Lane Center for Computational Biology Seminar
- Gates&Hillman Centers
- KATHRYN ROEDER
- Department of Statistics
- Carnegie Mellon University
Statistics and Genetics Open a Window into Autism
Rare variants identified from DNA sequence, especially de novo loss of function (LoF) mutations, have identified genes involved in risk for autism spectrum disorders (ASD). Multiple de novo LoF mutations in the same gene demonstrate that gene affects risk. De novo mutations occur twofold more often in ASD probands than their siblings, implying that half of the genes hit are risk genes. He et al. (2013) extract more information by using a statistical model, called TADA for Transmission And De novo Association, that integrates data from family and case-control studies to infer the likelihood a gene affects risk. Still, given limited sequence data, can we garner yet more information? Progress has been made as part of a collaborative effort to develop systems biological approaches to understanding ASD pathophysiology. Using ASD risk genes as foci, we hypothesize that genes expressed at the same developmental period and brain region, and with highly correlated co-expression, are functionally interrelated and more likely to affect risk. To find these genes we model two kinds of data: gene co-expression in specific brain regions and periods of development; and the TADA results from published sequencing studies. We model the ensemble data as a Hidden Markov Random Field, in which the graph structure is determined by gene co-expression and the model combines these interrelationships with node-specific observations: gene identity; expression; genetic data; and whether it affects risk, which will be estimated. This analysis identifies ~100 genes that plausibly affect risk, many novel and others implicated despite relatively weak genetic evidence. We will describe how these results can be used to expand our understanding of the genetics of ASD (e.g., nominating genes for targeted sequencing in new samples) and ASD neurobiology.
Kathryn Roeder is Professor of Statistics and Computational Biology.

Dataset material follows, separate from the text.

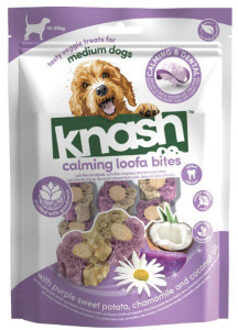 Calming Woofa Bites met paarse zoete aardappel, kamille en kokosolie hondensnack 100 g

Currently her work focuses on statistical genetics and the genetic basis of complex disease. Her group has published extensively on methods for gene mapping and the genetics of autism. Roeder’s career began in the biological sciences, during which time she spent a year living in the wilderness regions of the Pacific Northwest as a research assistant for the Department of Wildlife Resources. In 1988 she received her Ph.D. in Statistics from Pennsylvania State University. Next she spent 6 years on the Statistics faculty at Yale University where she played a pivotal role developing the foundations of DNA forensic inference. In 1994 Roeder joined the Department of Statistics at Carnegie Mellon University. She has developed statistical methods in a wide spectrum of areas, including high dimensional inference, mixture models and nonparametric statistics. She has served as an associate editor of JASA, Biometrics and American Journal of Human Genetics. She is an elected fellow of the American Statistical Association and the Institute of Mathematical Statistics. In 1997 she received the COPSS Presidents award and the Snedecor Award for outstanding work in statistical applications.